[Given material — start]

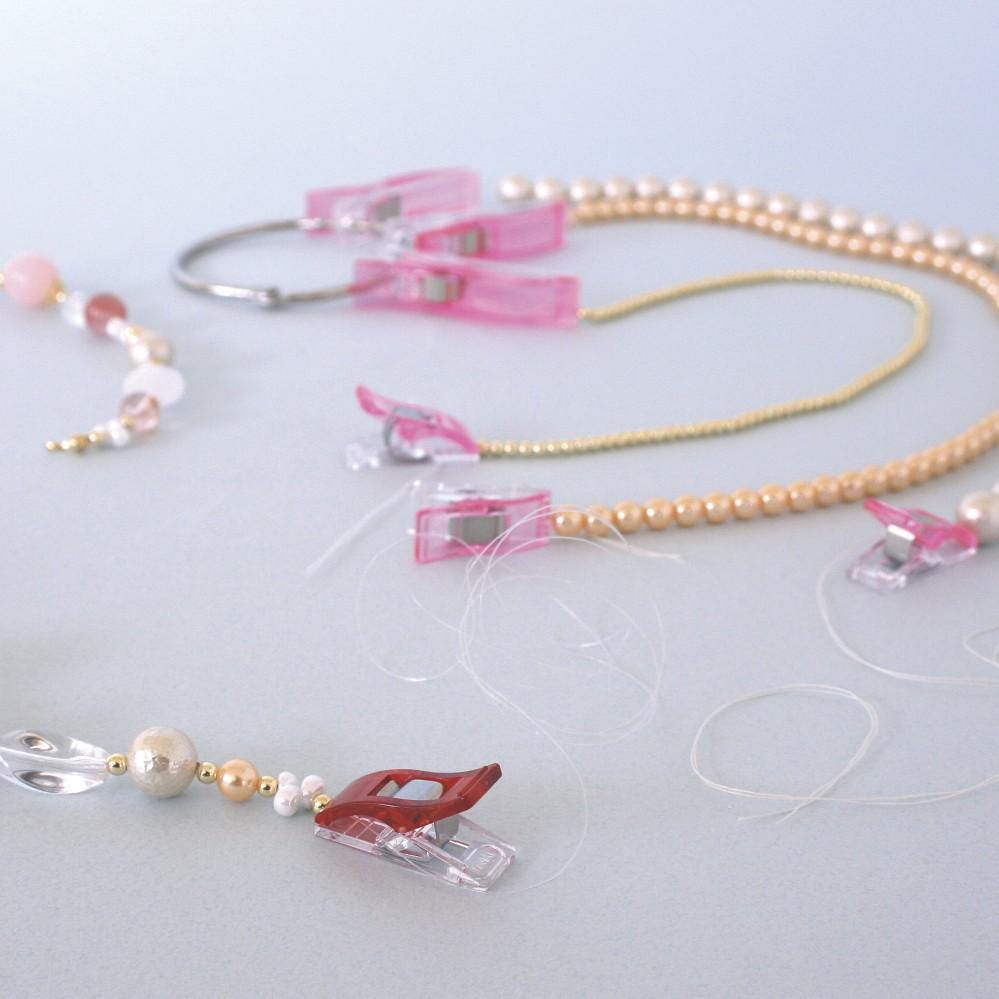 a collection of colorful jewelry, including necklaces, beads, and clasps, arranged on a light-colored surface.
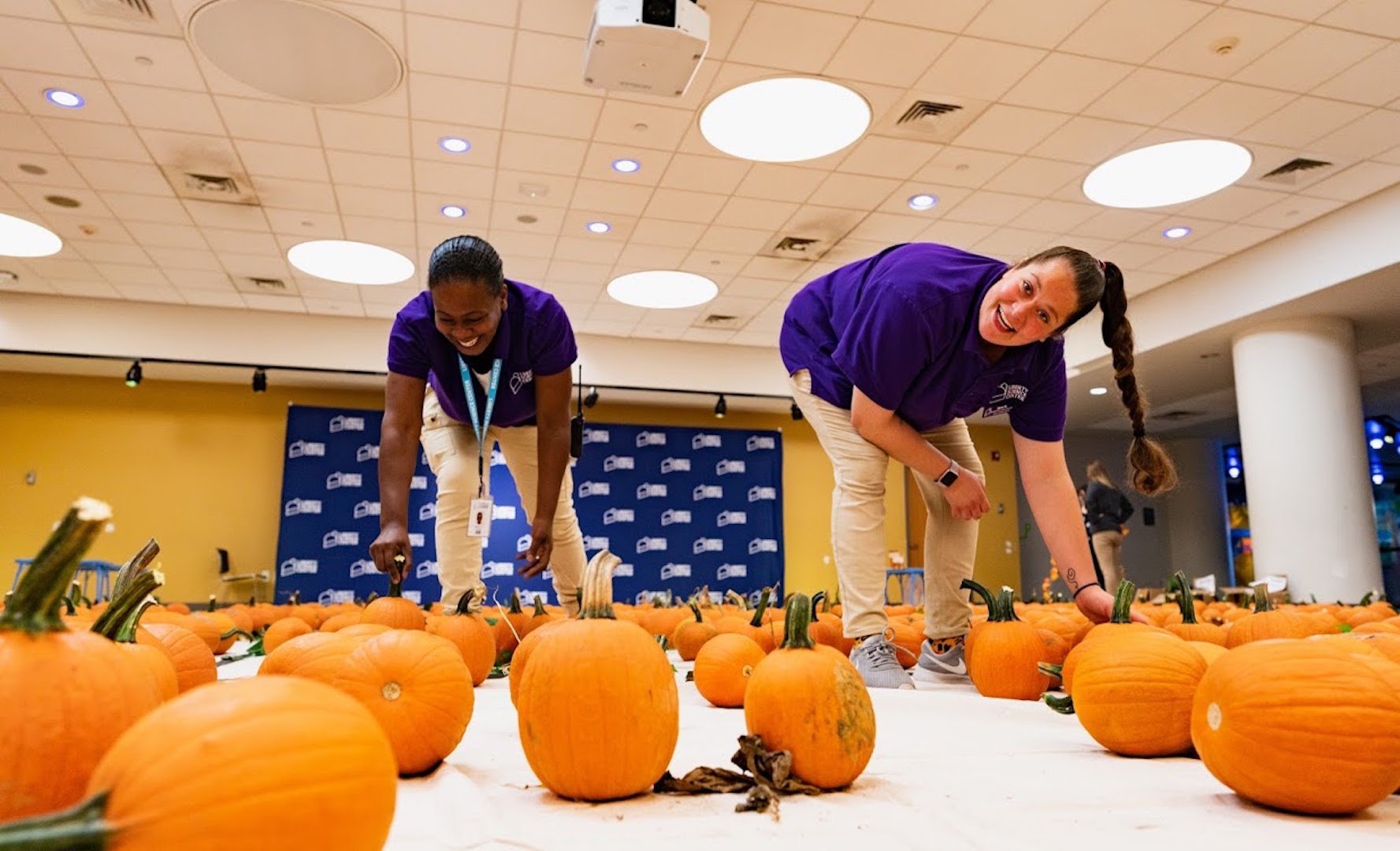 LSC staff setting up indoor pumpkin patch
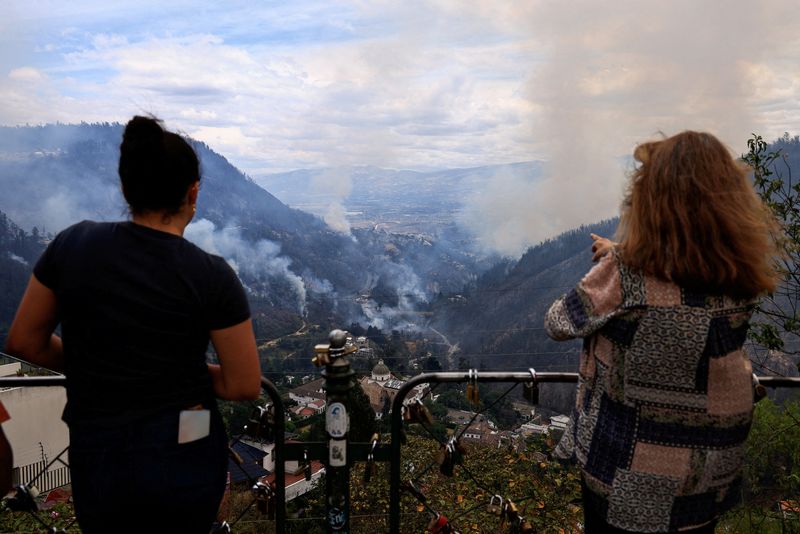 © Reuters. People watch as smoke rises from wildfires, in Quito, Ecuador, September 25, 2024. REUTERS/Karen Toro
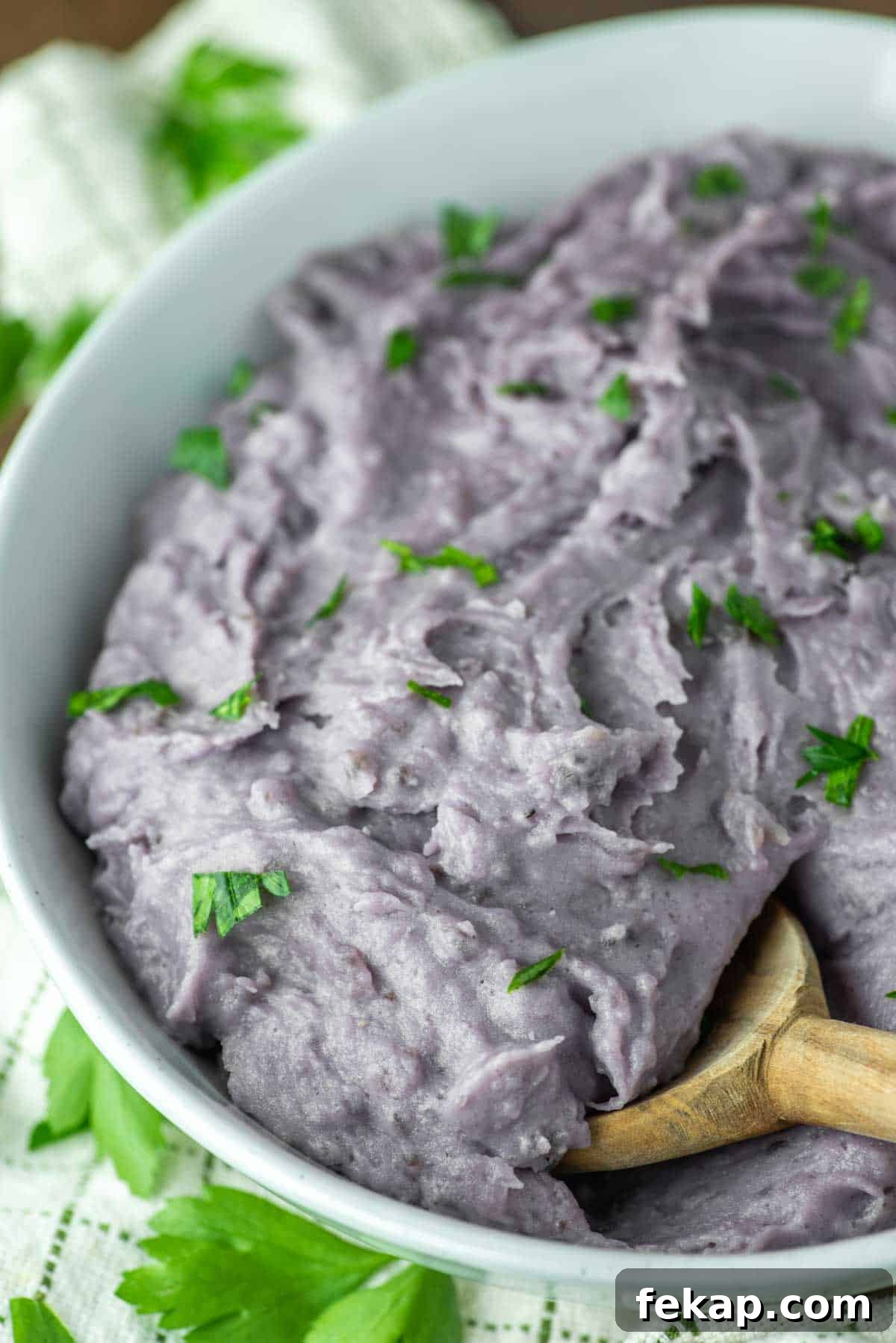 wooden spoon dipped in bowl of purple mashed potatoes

[Given material — finish]

** What you will do **
Copy out the listing exactly as it stands, but not the pictures.

** Written answer **
 a collection of colorful jewelry, including necklaces, beads, and clasps, arranged on a light-colored surface.
 LSC staff setting up indoor pumpkin patch
 © Reuters. People watch as smoke rises from wildfires, in Quito, Ecuador, September 25, 2024. REUTERS/Karen Toro
 wooden spoon dipped in bowl of purple mashed potatoes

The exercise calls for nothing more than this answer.